I have a 1950 sturmy archer hub that has a threaded sprocket.  It appears to be installed backwards.  How do I remove it?


----------



## TR6SC (Jun 30, 2017)

Long Beach Leo said:


> I have a 1950 sturmy archer hub that has a threaded sprocket.  It appears to be installed backwards.  How do I remove it?



What about a pic?


----------



## sam (Jul 1, 2017)

You can pull the driver out and hold it in a vise and unscrew the cog. Drop it back in and put the cone nut back on.


----------



## SirMike1983 (Jul 1, 2017)

sam said:


> You can pull the driver out and hold it in a vise and unscrew the cog. Drop it back in and put the cone nut back on.




Yeah, I do it this way too. I use a vise lined with couple little blocks of wood with semi-circular cut outs as pads for the driver (it's very hard and very brittle on the surface). I then take a torch and Kano Kroil to the threaded area, just enough to wick in the Kroil as it cools (don't go too hot). I then take a chain whip and unscrew the cog. 

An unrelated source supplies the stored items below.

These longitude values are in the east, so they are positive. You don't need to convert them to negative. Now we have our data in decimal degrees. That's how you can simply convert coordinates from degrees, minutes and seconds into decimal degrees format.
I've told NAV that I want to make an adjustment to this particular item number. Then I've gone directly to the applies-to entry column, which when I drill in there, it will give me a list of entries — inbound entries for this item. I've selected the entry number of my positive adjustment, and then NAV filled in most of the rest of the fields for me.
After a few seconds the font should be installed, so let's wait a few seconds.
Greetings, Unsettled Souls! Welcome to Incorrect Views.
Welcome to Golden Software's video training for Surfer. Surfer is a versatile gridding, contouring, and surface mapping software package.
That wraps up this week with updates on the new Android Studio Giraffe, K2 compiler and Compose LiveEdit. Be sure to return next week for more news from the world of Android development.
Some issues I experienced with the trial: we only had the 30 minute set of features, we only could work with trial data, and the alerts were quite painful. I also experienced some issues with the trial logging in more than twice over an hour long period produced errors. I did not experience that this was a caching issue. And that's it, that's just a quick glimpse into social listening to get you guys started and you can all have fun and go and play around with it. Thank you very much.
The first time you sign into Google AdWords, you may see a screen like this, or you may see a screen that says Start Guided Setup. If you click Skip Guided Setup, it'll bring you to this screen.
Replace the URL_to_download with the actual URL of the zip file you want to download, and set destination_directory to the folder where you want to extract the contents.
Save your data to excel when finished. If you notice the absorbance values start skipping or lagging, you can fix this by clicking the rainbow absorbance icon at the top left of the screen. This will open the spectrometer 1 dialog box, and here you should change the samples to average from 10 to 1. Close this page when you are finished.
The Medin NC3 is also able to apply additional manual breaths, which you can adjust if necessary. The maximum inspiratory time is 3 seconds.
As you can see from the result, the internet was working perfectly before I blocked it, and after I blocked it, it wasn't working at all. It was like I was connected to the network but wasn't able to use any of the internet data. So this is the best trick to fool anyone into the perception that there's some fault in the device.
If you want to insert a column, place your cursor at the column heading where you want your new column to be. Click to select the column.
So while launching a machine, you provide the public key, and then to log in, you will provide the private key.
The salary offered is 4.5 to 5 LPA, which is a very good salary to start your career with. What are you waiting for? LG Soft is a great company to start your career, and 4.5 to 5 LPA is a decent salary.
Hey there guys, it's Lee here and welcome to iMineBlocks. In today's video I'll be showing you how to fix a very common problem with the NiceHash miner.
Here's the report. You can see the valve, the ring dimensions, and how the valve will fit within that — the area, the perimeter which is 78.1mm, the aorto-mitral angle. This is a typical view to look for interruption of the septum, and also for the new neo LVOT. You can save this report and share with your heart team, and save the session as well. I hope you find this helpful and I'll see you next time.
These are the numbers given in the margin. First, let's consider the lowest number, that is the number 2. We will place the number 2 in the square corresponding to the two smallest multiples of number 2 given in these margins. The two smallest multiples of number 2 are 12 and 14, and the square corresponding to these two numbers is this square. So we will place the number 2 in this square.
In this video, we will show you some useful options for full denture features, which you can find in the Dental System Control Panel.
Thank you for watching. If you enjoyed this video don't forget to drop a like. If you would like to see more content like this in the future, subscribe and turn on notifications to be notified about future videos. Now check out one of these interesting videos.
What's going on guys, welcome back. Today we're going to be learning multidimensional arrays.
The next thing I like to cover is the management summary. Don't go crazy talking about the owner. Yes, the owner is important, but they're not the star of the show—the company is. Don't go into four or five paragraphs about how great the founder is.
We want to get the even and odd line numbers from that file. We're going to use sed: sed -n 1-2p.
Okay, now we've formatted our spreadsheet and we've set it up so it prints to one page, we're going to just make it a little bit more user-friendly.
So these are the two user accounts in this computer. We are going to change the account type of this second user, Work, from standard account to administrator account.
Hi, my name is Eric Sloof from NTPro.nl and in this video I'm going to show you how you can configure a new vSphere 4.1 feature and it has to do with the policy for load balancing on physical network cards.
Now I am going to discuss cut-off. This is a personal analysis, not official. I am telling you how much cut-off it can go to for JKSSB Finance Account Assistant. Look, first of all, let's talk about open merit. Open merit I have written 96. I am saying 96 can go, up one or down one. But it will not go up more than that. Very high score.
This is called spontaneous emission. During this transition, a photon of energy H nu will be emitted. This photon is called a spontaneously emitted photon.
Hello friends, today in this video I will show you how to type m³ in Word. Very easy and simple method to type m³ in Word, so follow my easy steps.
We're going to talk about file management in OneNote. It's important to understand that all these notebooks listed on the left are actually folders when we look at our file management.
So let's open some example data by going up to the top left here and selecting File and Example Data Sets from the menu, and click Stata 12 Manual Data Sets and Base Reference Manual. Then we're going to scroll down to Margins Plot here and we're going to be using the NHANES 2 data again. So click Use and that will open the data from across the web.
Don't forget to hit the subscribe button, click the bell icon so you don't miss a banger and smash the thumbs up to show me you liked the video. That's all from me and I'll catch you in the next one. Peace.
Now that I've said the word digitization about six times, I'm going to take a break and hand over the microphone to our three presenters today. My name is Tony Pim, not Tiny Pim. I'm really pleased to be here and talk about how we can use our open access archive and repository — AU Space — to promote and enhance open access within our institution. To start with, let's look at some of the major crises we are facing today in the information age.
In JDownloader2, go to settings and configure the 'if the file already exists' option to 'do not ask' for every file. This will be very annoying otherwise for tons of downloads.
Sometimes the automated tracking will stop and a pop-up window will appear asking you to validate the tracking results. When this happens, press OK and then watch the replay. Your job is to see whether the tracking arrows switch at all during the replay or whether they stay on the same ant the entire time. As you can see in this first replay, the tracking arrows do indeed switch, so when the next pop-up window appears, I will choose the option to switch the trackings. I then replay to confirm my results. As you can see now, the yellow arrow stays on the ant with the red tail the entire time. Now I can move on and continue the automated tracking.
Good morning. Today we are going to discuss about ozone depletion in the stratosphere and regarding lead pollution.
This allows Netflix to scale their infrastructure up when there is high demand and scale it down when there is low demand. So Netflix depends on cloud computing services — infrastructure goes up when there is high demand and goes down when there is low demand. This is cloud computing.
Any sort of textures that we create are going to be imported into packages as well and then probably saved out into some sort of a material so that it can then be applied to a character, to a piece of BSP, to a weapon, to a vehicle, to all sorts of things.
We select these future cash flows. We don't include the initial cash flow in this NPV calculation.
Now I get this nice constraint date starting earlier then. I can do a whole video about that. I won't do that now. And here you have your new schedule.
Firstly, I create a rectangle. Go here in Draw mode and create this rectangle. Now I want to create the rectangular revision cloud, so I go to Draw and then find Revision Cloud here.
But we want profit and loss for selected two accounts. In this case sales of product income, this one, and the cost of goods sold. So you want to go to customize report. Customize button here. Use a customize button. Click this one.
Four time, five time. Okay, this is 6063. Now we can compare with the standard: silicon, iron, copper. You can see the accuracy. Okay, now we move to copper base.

My success rate is 50-50 at best. Some of them JUST WILL NOT GO. The reason is that the cog screws down tighter as you pedal. If you're someone who pile-drives standing on the pedals up hill, then you'll really, really tighten that cog down (like a freewheel would). The problem is that the cog does not have the keyed center the way the freewheel does. The freewheel tool lets you unscrew the freewheel, but the Sturmey threaded cog has no such thing - just the chain whip.

I've had much, much better success just swapping in a driver with a three-splined set up so I can use a cog of choice. I think the swap to splined happened about 1952 or so.

Have you tracked the chain line? Maybe the cog was on that way for a reason, that the chain line worked out in that spot.


----------